Киберпреступники используют Snap Store для «атак будущего» на криптокошельки Translation: Cybercriminals exploit Snap Store for attacks of the future on cryptocurrency wallets

As part of a recent attack, cybercriminals are exploiting the trust associated with the official Snap Store on Linux to steal the seed phrases of cryptocurrency wallets. This was reported by the head of information security at SlowMist, known by the nickname 23pds.

In this attack, the perpetrators register expired domains linked to developer accounts in the Snap Store. This allows them to discreetly gain control over accounts that have a history and active users.

Subsequently, the fraudsters distribute updates containing malicious code through official channels for software already installed on the victims’ devices.

The compromised applications are disguised as popular cryptocurrency wallets—Exodus, Ledger Live, and Trust Wallet—and prompt users to enter their mnemonic phrases for account recovery, which are then sent to the attackers.

Two domains, «storewise[.]tech» and «vagueentertainment[.]com,» have been confirmed as compromised using this method, according to SlowMist.

The attack vector described by experts reflects a broader shift in cyber threats targeting the cryptocurrency industry. Rather than direct attempts to compromise smart contracts, attackers are increasingly focusing on the infrastructure and software distribution channels, taking advantage of user trust in official sources.

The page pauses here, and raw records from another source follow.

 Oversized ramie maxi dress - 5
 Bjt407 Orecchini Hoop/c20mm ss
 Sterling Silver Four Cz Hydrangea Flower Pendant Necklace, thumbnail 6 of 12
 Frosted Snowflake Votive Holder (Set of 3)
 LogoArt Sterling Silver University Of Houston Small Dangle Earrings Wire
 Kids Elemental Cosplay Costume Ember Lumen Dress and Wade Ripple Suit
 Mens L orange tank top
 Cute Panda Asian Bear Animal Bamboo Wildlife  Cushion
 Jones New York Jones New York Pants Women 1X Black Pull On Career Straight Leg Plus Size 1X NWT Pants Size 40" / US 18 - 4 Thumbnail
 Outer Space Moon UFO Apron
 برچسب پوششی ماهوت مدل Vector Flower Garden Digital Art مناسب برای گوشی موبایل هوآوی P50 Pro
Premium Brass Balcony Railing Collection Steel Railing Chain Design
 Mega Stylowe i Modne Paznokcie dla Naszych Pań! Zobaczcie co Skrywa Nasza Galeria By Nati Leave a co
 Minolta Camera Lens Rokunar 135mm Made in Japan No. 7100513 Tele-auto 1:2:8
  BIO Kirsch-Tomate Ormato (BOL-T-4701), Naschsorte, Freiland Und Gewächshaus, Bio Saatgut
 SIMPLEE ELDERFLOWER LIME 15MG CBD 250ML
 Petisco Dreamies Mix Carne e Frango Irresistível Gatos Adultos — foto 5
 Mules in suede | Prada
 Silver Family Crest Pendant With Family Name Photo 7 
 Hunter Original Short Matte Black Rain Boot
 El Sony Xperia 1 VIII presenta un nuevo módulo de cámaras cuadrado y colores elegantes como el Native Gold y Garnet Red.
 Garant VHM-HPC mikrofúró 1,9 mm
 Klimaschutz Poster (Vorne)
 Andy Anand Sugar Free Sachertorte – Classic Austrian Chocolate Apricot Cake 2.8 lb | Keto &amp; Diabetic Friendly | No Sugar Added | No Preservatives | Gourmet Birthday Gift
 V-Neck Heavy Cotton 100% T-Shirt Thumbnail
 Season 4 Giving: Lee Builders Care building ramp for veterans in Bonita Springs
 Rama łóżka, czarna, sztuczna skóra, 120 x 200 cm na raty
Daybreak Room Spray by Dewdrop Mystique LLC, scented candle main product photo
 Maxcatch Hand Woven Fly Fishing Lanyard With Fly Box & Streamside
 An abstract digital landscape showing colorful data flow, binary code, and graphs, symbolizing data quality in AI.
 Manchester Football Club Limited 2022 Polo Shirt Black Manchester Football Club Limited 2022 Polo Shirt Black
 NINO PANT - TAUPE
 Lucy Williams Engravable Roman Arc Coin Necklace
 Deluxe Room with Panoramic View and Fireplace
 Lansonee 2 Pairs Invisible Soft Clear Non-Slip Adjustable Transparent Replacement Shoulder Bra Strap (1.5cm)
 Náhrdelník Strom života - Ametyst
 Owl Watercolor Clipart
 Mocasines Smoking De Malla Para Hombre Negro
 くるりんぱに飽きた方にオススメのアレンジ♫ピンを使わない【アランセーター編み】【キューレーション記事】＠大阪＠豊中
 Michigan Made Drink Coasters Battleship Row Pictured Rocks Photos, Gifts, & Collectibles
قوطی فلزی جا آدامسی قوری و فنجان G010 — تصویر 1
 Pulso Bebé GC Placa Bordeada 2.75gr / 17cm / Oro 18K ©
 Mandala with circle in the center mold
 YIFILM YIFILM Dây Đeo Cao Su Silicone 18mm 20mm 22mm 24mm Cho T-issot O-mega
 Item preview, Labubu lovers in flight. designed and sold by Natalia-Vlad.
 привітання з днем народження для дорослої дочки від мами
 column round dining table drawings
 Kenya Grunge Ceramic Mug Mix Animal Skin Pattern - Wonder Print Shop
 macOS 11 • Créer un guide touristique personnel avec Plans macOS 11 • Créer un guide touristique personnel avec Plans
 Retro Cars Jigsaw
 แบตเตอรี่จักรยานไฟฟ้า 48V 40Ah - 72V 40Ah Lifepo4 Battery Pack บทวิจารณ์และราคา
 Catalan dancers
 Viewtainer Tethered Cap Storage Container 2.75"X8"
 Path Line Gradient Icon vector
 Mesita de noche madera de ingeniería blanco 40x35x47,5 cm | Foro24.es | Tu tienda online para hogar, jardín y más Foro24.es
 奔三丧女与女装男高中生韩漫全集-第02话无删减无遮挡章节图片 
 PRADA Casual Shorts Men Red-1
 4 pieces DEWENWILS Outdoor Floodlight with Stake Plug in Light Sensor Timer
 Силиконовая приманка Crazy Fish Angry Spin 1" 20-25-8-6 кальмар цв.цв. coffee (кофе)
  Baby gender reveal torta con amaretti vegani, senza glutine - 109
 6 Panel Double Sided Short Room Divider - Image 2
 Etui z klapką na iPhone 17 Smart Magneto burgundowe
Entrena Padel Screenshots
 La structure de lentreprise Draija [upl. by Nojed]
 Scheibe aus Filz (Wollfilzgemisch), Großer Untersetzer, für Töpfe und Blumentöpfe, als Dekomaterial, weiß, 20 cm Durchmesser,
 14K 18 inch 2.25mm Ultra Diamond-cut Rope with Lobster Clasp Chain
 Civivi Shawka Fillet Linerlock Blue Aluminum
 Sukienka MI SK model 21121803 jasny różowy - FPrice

In late December, hackers injected malicious code into an update for Trust Wallet for Chrome. That attack affected 2,520 addresses and resulted in losses of $8.5 million.

It was later revealed that the hack stemmed from a large-scale supply chain attack known as Sha1-Hulud, which was recorded in November. During that incident, hackers gained access to confidential developer information on GitHub and the API key for the Chrome Web Store.

As a reminder, in 2025, hackers stole over $3.4 billion in cryptocurrency, as reported by Chainalysis.